Wiki conversion script updates
The conversion script now includes old revisions of articles. I've tried
it on the Esperanto and Polish databases which I had handy, so far it
seems to work. Please test on other languages if you dare.

It shouldn't be too hard to modify this code to extract just the old
versions from the old English wikipedia and drop them into the current
database there, as well.

Notes:
* Since user accounts are not transferred, there is no numerical user ID
to put in the old_user field. Currently this results in the wiki
thinking the user name in old_user_text was an IP address and trying to
mask the last 3 digits, and not making links to user pages in the
history lists. The digit masking is definitely wrong, however not making
the links is arguably correct behavior.

* The most recent revision still has its user, comment, and timestamp
wiped and replaced with "conversion script", "automatic conversion", and
time of conversion. Would it not be nicer to keep the previous user,
comment, and timestamp, as is done with the older revisions?

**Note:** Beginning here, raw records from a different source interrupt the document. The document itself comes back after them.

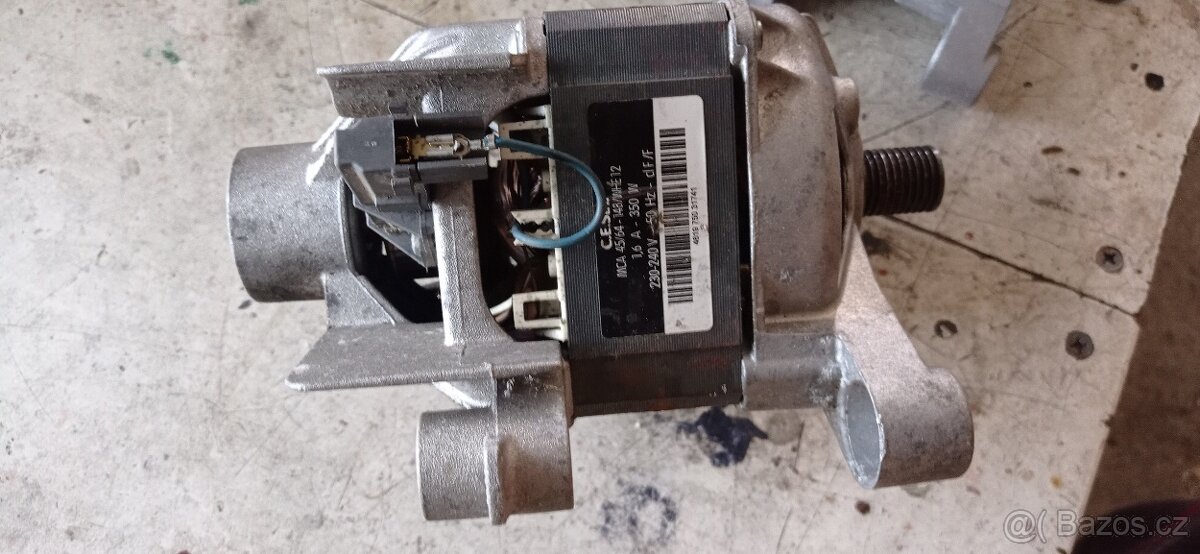 Motor z pračky Whirlpool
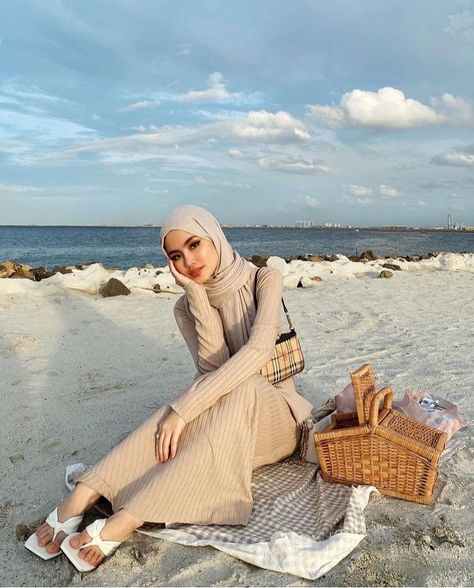 Beach Hijab Outfit Ideas, Hijab Beach Outfit, Hijabi Beach Outfit, Pantai Outfit, Outfit Ke Pantai, Summer Fashion Outfits Beach, Hijab Beach, Outfit Pantai, Tutorial Hijab Pashmina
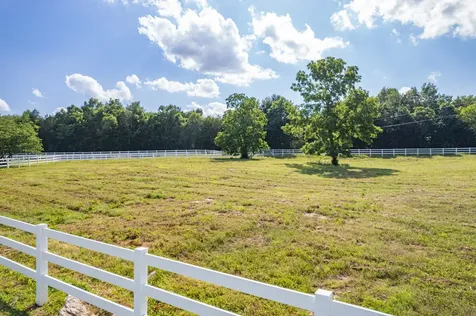 2141 Carpenter Bridge Road Columbia TN 38401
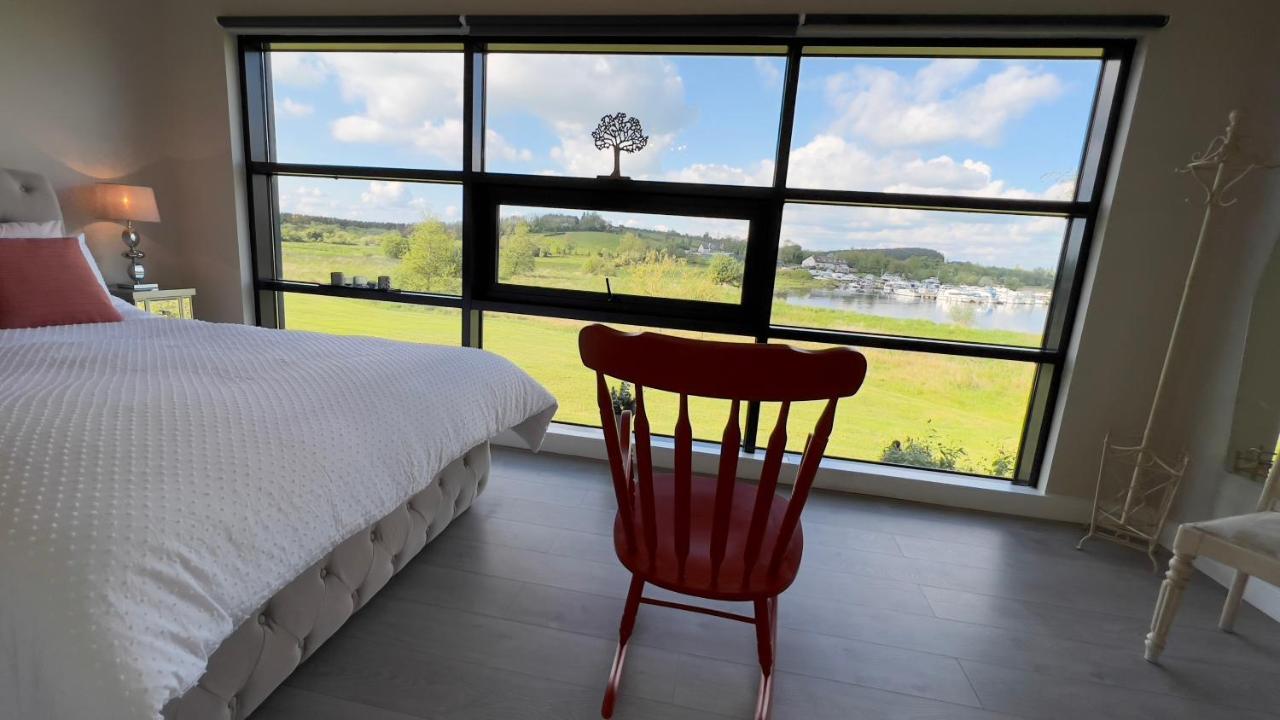 Apartamento Riverside Raheelan Exterior foto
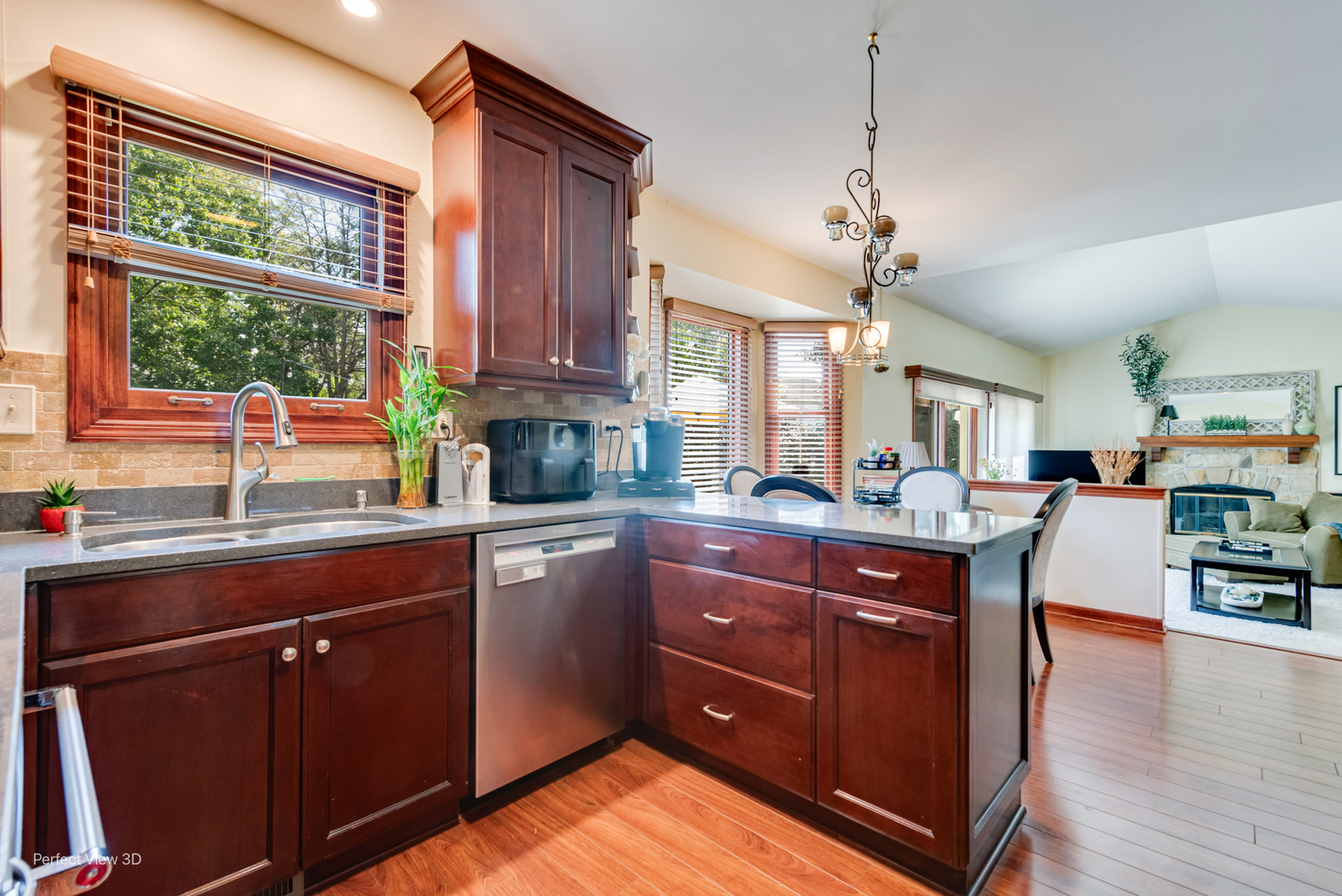 15 Thompson Court, Buffalo Grove, IL 60089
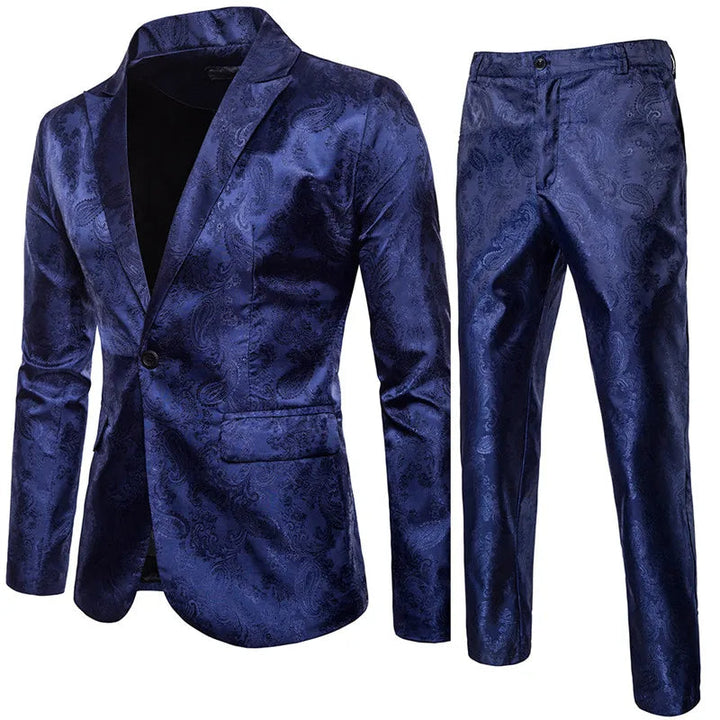 Stylish men's fashion two-piece slim fit suit, a classic choice for formal wear, business, or special events.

* We might, however, still want to add a note that conversion took
place, so it's an obvious cutoff in the history list.

* Do we want to run fixLinks() on the old page versions? (This changes
/subpage links into Page:subpage links.) Right now I do so to preserve
link functionality, but this may not be appropriate, as it changes the
content of previous versions slightly. The purpose of keeping old
versions is to see what changed, so we might prefer to have the
unchanged (and no longer working) /subpage links. Comments?

-- brion vibber (brion @ pobox.com)
RE: Wiki conversion script updates [ In reply to ]
On mar, 2002-03-12 at 12:56, Magnus Manske wrote:
> Congratulations! You succeeded where I failed miserably.

Now, if I can only figure out how to read those occasional garbled
_current_ page files...

> Suggestion: Keep all old versions as they are, and generate an "artificial"
> edit, signed with "conversion script", where the sctual "subpage
> translation" takes place. So all old versions are stored correctly, and the
> conversion itself is more transparent.

Sounds reasonable. I'll try hacking that into place later today.

> Really, great work! :)

Thanks!

-- brion vibber (brion @ pobox.com)